Material for this task Block Start

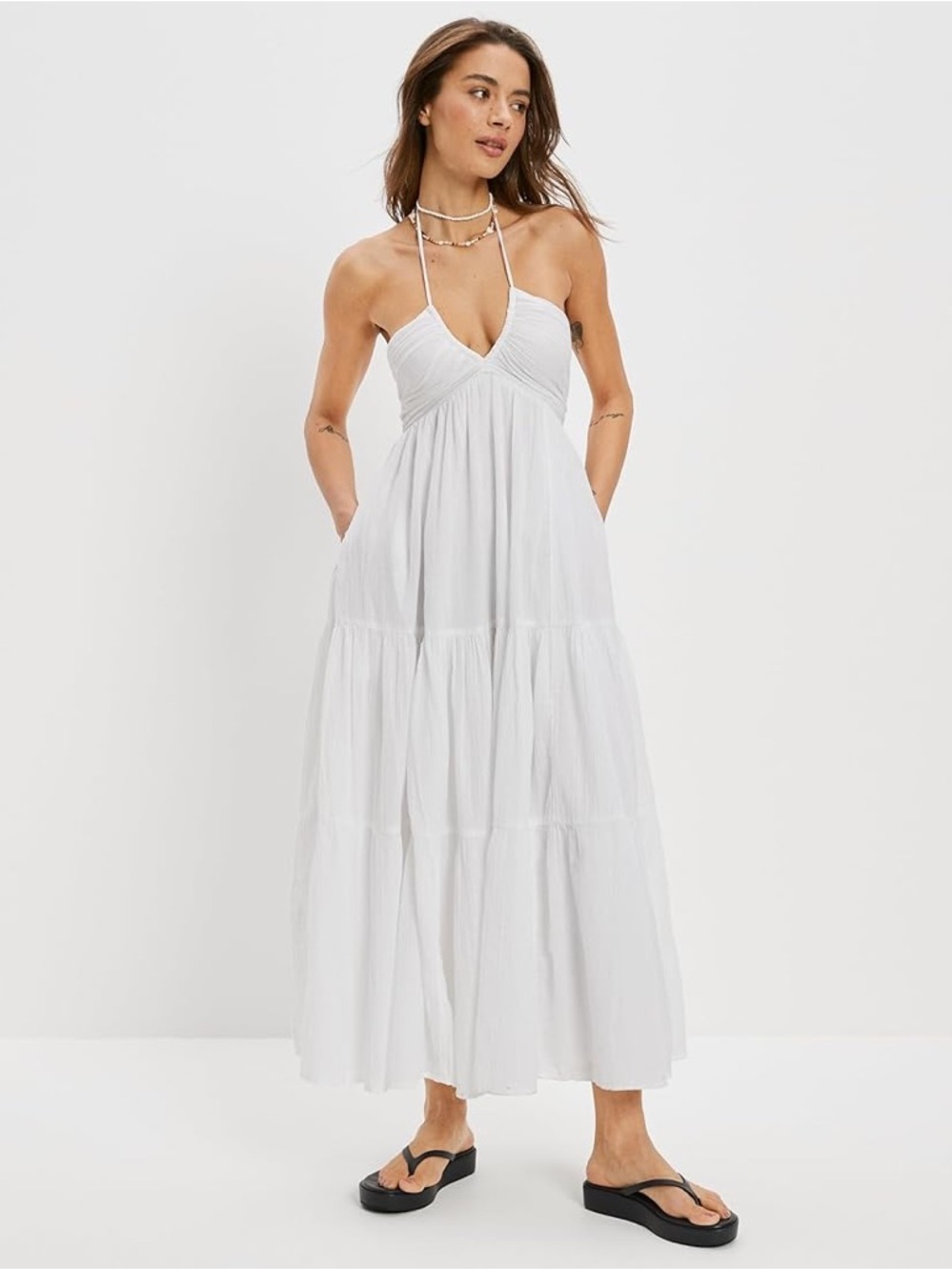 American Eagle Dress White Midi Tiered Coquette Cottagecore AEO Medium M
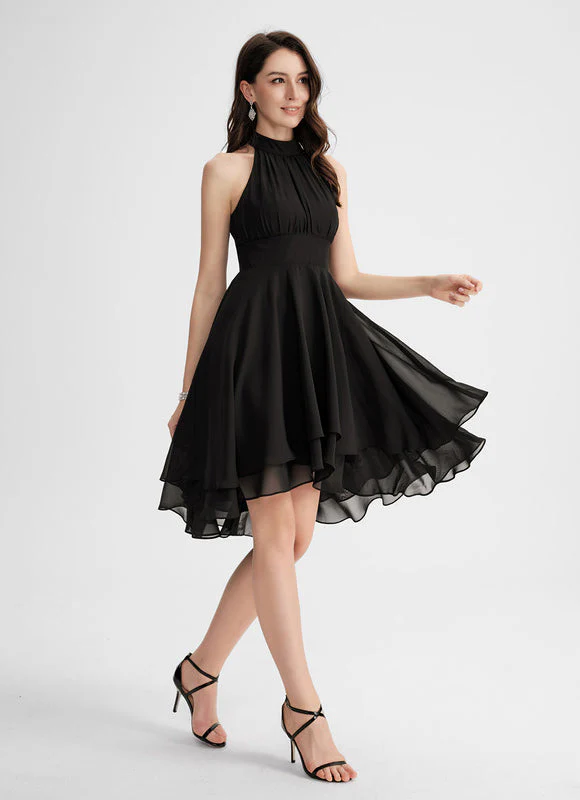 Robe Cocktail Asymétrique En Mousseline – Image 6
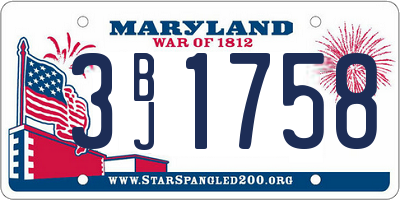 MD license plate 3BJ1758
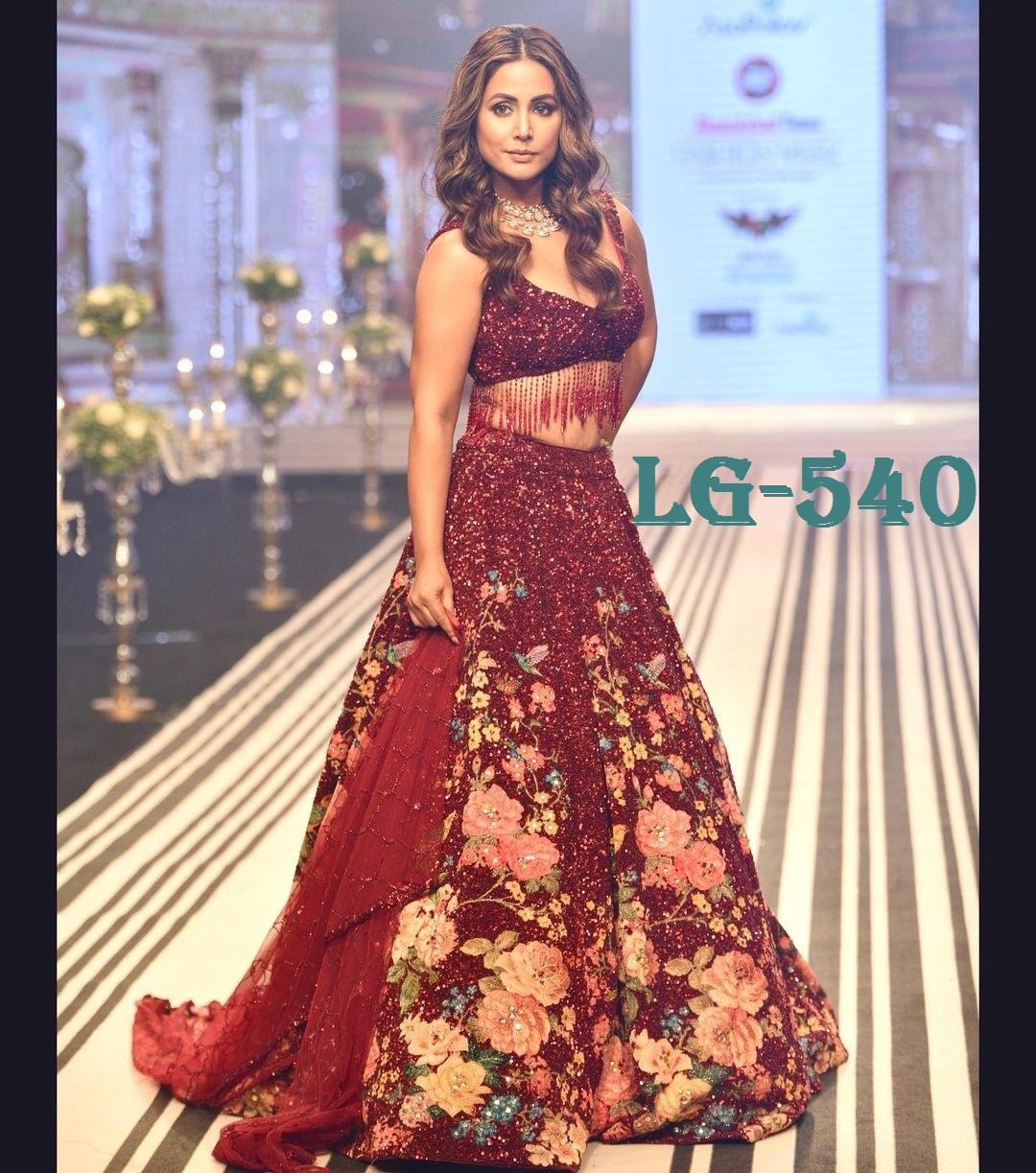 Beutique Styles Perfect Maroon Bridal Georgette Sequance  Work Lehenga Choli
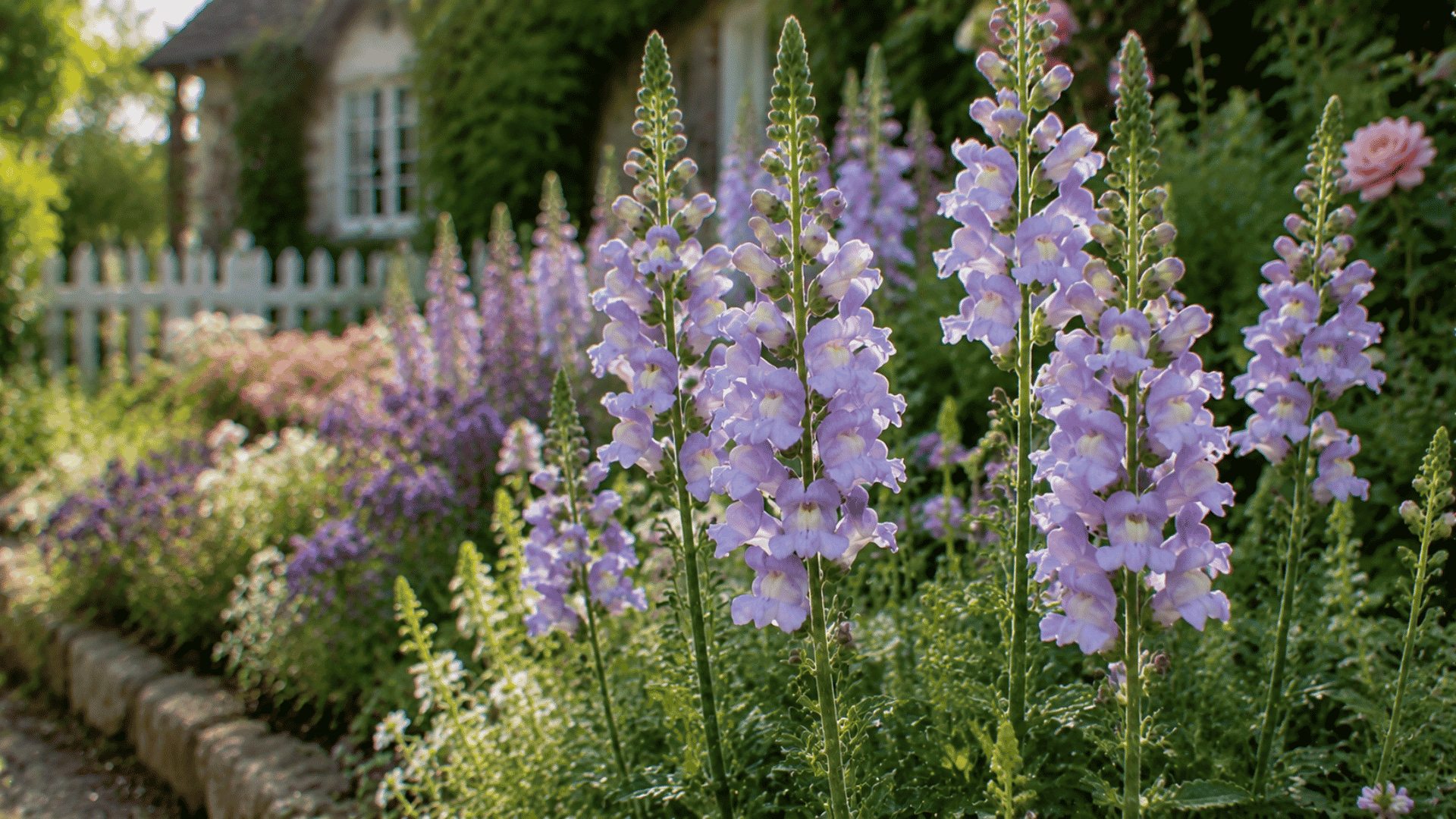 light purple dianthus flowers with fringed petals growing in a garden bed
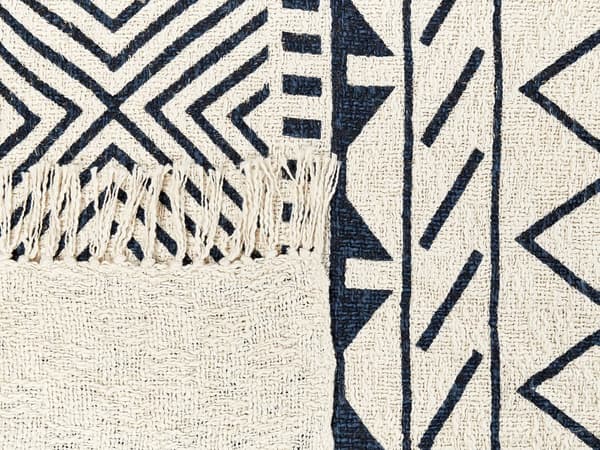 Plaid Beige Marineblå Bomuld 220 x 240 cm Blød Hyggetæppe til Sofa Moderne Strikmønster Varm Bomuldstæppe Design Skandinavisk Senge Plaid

Material for this task Block End

**Work task**
Output exactly the lines from the one containing "MD license plate 3BJ1758" through the last line of the records above, both included, and leave out the pictures.

**Task answer**
 MD license plate 3BJ1758
 Beutique Styles Perfect Maroon Bridal Georgette Sequance  Work Lehenga Choli
 light purple dianthus flowers with fringed petals growing in a garden bed
 Plaid Beige Marineblå Bomuld 220 x 240 cm Blød Hyggetæppe til Sofa Moderne Strikmønster Varm Bomuldstæppe Design Skandinavisk Senge Plaid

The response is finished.